He doesn’t keep the menu steady, he fought to get a state law changed to allow his brewery to operate as a brewery and he has another new beer, an India Pale Ale named Acapulco Gold, launching this week, made in part with wild yeast, and his fans love him for it.
Beer app Untappd, allows beer enthusiasts to rate the beers they’ve tasted, the venues they’ve tasted them at and to find locations to try new beers. In Maryland, the place to try is Burley Oak, according to a piece published by Yahoo Travel earlier this week.
Using the ratings from Untappd, Yahoo Travel listed the top breweries in each state. The beach areas were well represented, with Burley Oak taking the top spot in Maryland and Dogfish Head winning out in Delaware.
“I want beer fans from Maryland to come and visit, and subject themselves to the esoteric beers we make. I want to further push the industry as a whole,” Brushmiller said. “Maybe you’ve never had a sour beer made with wild yeast. The beers we make push travelers to try things not a lot of other people are making.”
Brushmiller, who earned a biochemistry degree from Salisbury University, was himself pushed into the industry when the company he had been working for closed. He started tinkering with beer in his garage during his newfound free time, and now, he said, “I have a bigger garage. I’m happy to make beer and I’m glad to see I could make a business out of it.”

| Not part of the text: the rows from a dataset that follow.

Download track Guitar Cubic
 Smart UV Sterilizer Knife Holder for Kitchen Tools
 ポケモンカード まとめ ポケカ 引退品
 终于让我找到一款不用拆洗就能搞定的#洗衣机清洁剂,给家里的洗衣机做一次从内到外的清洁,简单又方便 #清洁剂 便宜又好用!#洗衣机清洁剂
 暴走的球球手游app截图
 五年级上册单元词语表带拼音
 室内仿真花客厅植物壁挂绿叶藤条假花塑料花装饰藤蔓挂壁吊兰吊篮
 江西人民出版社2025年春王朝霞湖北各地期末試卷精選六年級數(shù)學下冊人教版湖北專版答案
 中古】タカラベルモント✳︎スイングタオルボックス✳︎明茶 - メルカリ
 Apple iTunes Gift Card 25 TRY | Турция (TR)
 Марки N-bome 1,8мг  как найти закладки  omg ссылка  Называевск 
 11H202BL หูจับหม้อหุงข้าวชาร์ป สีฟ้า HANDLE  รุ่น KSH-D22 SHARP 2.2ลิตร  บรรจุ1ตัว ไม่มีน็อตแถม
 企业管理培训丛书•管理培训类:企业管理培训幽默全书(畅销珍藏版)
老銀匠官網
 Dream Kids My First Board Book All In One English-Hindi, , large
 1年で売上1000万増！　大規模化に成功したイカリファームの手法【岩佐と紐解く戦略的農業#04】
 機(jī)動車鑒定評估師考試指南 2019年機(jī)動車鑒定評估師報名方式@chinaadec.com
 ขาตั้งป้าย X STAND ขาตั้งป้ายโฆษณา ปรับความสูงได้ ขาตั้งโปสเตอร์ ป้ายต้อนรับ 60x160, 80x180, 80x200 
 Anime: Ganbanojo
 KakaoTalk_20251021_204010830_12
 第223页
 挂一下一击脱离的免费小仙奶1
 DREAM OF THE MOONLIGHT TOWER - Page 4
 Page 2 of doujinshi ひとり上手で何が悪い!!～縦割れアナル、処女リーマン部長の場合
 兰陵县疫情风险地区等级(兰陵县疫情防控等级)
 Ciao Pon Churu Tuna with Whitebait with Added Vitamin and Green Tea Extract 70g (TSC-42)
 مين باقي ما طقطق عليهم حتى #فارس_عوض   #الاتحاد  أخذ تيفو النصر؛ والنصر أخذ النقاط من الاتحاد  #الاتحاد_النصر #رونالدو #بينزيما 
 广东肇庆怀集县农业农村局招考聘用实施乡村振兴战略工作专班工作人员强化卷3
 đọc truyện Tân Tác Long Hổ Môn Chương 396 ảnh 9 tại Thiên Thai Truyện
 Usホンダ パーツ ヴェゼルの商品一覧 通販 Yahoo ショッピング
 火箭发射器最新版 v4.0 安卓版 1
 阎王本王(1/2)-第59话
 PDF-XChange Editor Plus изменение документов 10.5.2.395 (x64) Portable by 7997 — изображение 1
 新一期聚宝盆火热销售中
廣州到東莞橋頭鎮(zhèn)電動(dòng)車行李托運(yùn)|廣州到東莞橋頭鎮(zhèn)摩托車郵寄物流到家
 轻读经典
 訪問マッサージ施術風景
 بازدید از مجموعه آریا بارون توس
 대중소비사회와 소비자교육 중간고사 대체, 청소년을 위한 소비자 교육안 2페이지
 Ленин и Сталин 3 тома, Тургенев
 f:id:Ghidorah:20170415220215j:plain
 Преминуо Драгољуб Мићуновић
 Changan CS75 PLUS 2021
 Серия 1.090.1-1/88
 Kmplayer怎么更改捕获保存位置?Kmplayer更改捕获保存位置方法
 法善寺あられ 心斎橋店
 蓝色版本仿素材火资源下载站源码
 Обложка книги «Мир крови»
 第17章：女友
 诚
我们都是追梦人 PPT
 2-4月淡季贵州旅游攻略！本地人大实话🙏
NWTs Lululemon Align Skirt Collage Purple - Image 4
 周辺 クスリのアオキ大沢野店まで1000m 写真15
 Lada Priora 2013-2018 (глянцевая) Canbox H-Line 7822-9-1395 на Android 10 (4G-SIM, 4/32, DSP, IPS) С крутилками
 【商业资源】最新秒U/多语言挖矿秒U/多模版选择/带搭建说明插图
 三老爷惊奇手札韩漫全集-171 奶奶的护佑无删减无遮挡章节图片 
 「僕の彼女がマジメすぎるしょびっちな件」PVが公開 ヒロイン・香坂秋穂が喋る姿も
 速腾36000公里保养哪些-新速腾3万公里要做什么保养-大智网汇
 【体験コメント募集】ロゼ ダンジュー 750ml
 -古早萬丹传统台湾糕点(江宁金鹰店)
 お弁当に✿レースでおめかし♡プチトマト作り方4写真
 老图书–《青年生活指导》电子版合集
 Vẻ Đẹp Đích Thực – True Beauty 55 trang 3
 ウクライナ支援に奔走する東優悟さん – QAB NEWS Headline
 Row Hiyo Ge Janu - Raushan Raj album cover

It is a business he’s not above risking, however. The newest experiments include using wild yeast, along with Burley Oak’s “house blend” to impart different flavors and aromas into the brew. It might not sound too risky, but if the wild yeast cross-contaminates the house strain unchecked, it could have serious consequences.
Brushmiller said he’s aware of the risks involved, but he got into the business to make beer, and views tinkering with recipes, even proven ones, as part of the Burley Oak business.
“I’m making art with chemistry. Chemistry is about constants and variables. Creativity comes with testing the hypothesis ‘is this going to taste good,’” he said.
And at Burley Oak, no one can stop Brushmiller from testing his hypotheses.
“I’m pushing my technical skills. I’m not here to mass-produce — we’re still one of the smallest breweries in the state. Other people can produce in a day what we do in a year,” he said.
Case in point: Burley Oak’s top selling product is a dry hopped sour ale named ‘Sorry Chicky’ and it isn’t for everyone. According to users of BeerAdvocate.com, an online community with a predictable focus, Sorry Chicky has either a “rather sour and juicy opening … lemon and lime punch pretty hard … aftertaste consists of a faint lingering tang on the palate” or it “tastes like a warhead wrapped in lemon juice and dragged through battery acid.”
These are the kinds of results Brushmiller said he appreciates.
“These are fans and customers who drink beer. It’s not a popularity contest — people aren’t voting on the styles of beer we put out, they’re looking at the craftsmanship of each and what they thought about them,” he said. “People can say anything they want.”
Burley Oak deliberately makes beers to push the envelope in the accepted styles, and does so in the search for newer, better flavor.
The recognition is nice, he said, but the broader endorsement of how and why he makes beer, and the methods he uses to create new products is what has — and will continue to — drive him.